As a new driver, you can absolutely expect that every day you take to the roadways will be different than the one before.
You will encounter new situations and will have to figure out how to react. One of these situations that is all-too-common is dealing with driving near bicycles.
When you encounter a cyclist who is sharing your road space, you won’t have time to pull up all the rules of driver safety and consult them about how to maneuver. You need to already know what the law allows and how to make sure both you and your fellow cyclist stay safe.
Everyone Needs to Obey the Same Basic “Rules of the Road”
The first thing you need to remember is that when any vehicle enters the open road, they then become subject to the laws of the road in that area.
For example, everyone on the road must stop when the light is red, stop at stop signs, use signals to let others know what they are doing, follow all posted signs and traffic laws, use appropriate lights in low visibility conditions – basically all the same things you have been learning about in your driver safety classes.
Sometimes there are bicycle lanes available along the shoulder or in the center on an esplanade.
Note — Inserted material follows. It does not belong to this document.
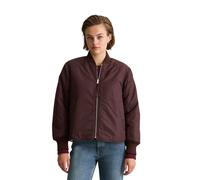 Outdoorjacke MARC O'POLO DENIM "aus recyceltem Polyester", Damen, Gr. XL, espresso braun, Obermaterial: 100% Polyester. Futter: 100% Polyester, unifarben, regular fit, Rippbündchen, Jacken Outdoorjack
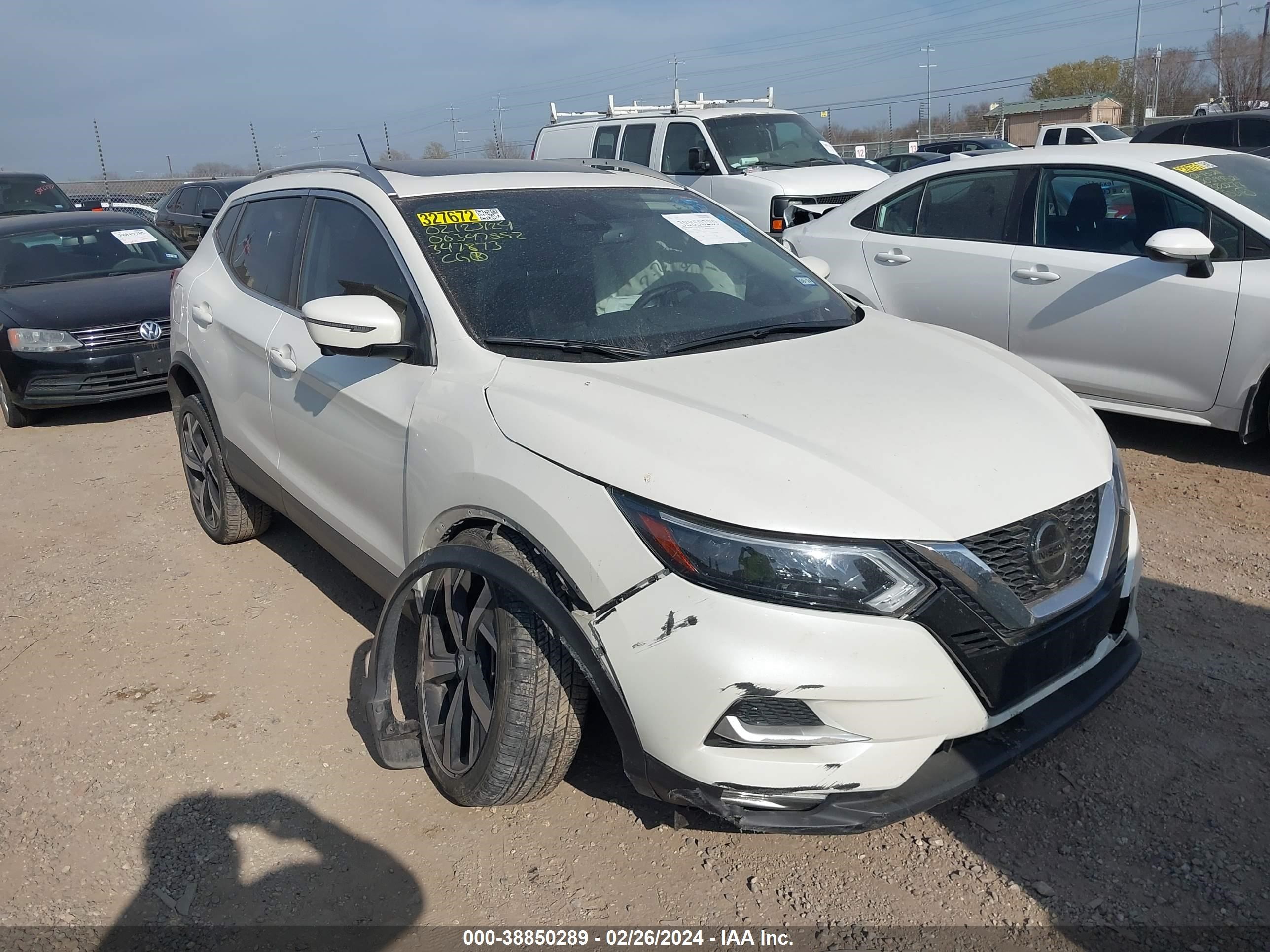 NISSAN ROGUE 2022 jn1bj1cv2nw347873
Where bicycle lanes exist, or in areas where cyclists are known to share the road with other vehicles, you may also see signs or street markings indicating you should expect to see bicycles. In any case, always keep an eye out for cyclists while you are driving.
But it is also important to know that just because these lanes are there doesn’t automatically mean that cyclists are required to use them.
Imagine You Are the Cyclist
One helpful strategy you can use when driving near bicycles is to put yourself in the cyclist’s shoes. In other words, imagine you have switched places.
What would you want and hope the vehicles around you would do to keep you out of danger and themselves as well?
You would want them to give you plenty of space – ideally at least three feet in front and behind you. You would want them to wait until it is safe to pass you and to only pass you on the left as the law states.
You would want them to use their lights and signals to let you know what they are about to do. You would definitely want them to keep you in their sights, checking their mirrors and blind spots frequently so they know exactly where you are cycling nearby.
And you would want them to be patient, even though this might be a bit hard since you are likely cycling slower than the posted speed limit and they want to speed up. It could mean your life if they get impatient around you, and you are relying on them to help you get to your destination safely.
By taking the time to imagine you are the one on the bicycle, with little physical protection between you, other drivers and the road, you can more easily deal with impatience and treat bicyclists the way you would want to be treated if you were in their shoes.
When Bicyclists Behave Badly on the Road
Even when you make your very best effort to follow the law, treat cyclists as you would want to be treated and drive safely for the benefit of all, sometimes cyclists won’t give you the same courtesy.
This can especially be the case when a cyclist is training for an event or if there is a group of cyclists riding together on the road. They may weave between cars, block the roadway, cycle slowly on a major roadway during high commute hours, ignore traffic lights and stop signs, fail to signal their intentions or even all of the above.
In these situations, you may find it tempting to give as good as you get and show your impatience with them as you drive.
Just remember in these situations that you do not want to see yourself on the evening news for hitting a cyclist. Bicyclists do not always ride safely and sometimes they rely far too much on the knowledge and goodwill of other drivers.
Here, the best strategy is to do your best to separate yourself from reckless cyclists, putting as much distance as you can between you and them and finding a safer space in which to drive.
Other Tips for Sharing the Road with Cyclists
Even after you have stopped your car and parked, it is still important to watch for bicyclists, especially when opening your doors.
By remaining aware and alert while driving near bicycles, you will safeguard two lives – theirs and yours.